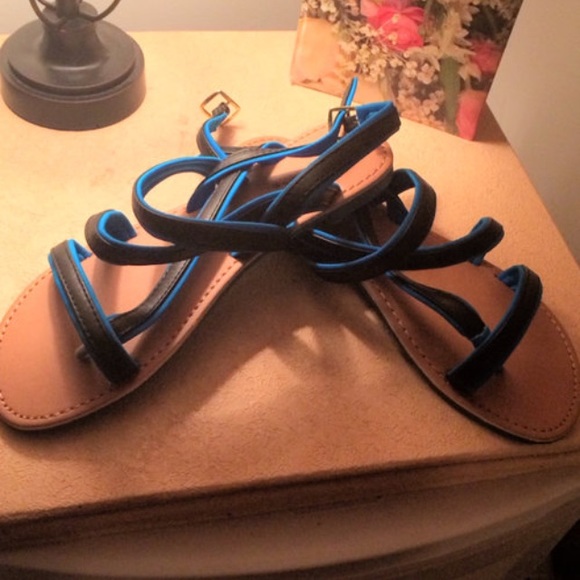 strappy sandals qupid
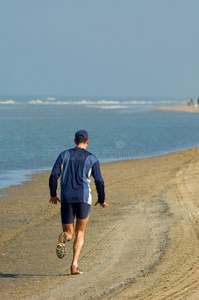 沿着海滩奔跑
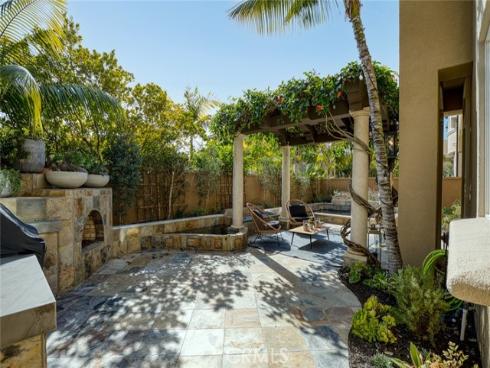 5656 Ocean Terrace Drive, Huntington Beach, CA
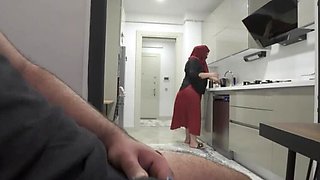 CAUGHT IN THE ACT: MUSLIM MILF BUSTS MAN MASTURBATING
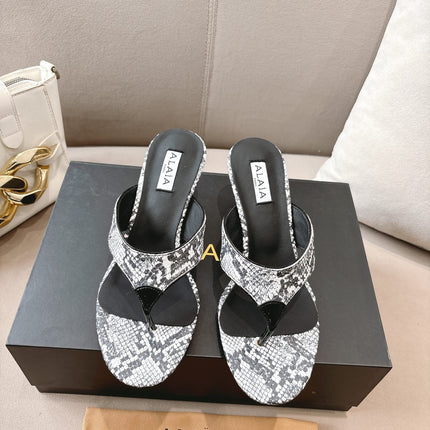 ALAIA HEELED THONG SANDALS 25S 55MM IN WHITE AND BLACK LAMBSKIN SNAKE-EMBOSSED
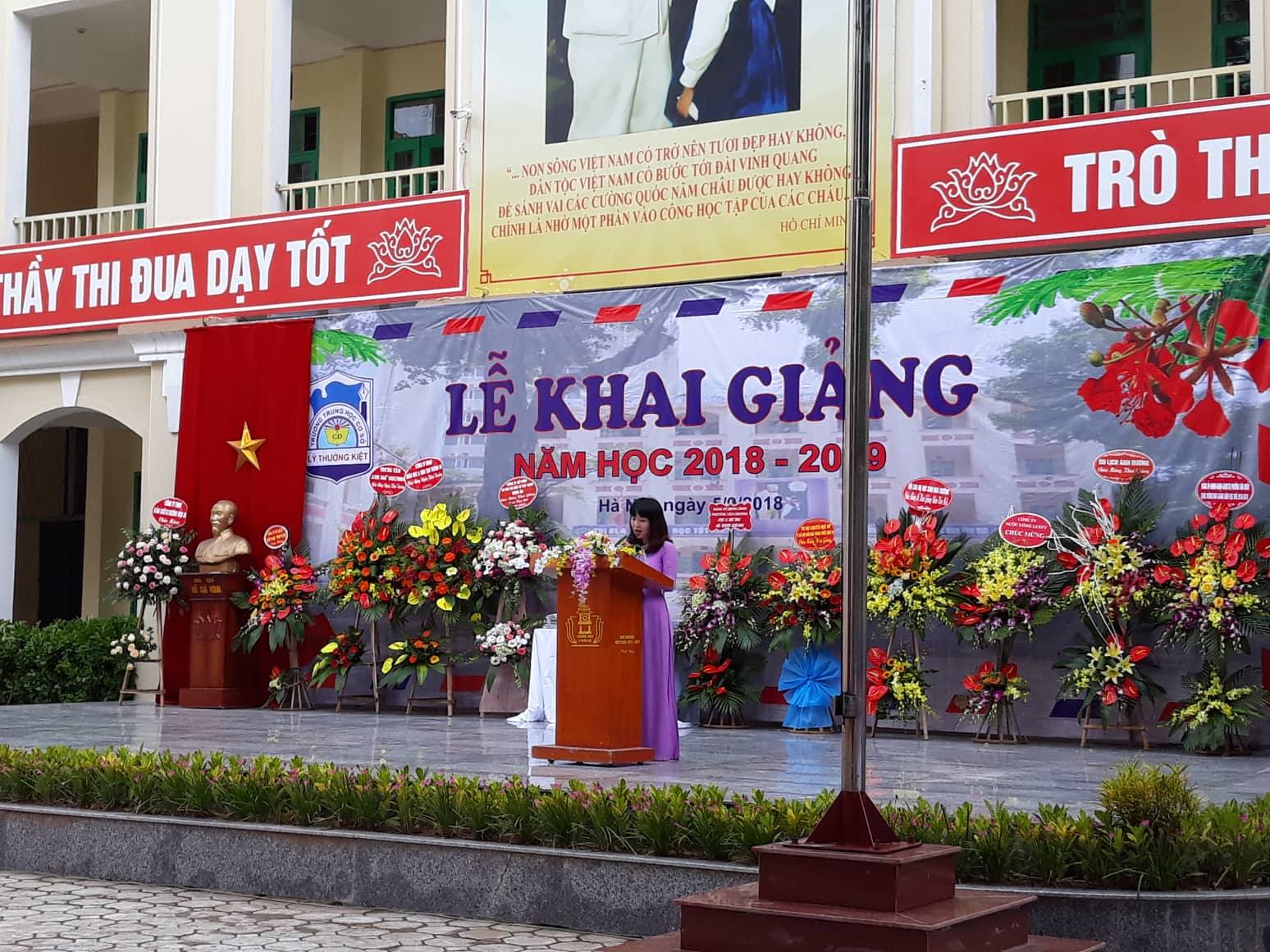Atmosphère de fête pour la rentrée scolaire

---+---

#### [Brief]
Repeat all the data as it stands, dropping any images it holds.

#### [The answer]
 strappy sandals qupid
 沿着海滩奔跑
 5656 Ocean Terrace Drive, Huntington Beach, CA
 CAUGHT IN THE ACT: MUSLIM MILF BUSTS MAN MASTURBATING
 ALAIA HEELED THONG SANDALS 25S 55MM IN WHITE AND BLACK LAMBSKIN SNAKE-EMBOSSED
Atmosphère de fête pour la rentrée scolaire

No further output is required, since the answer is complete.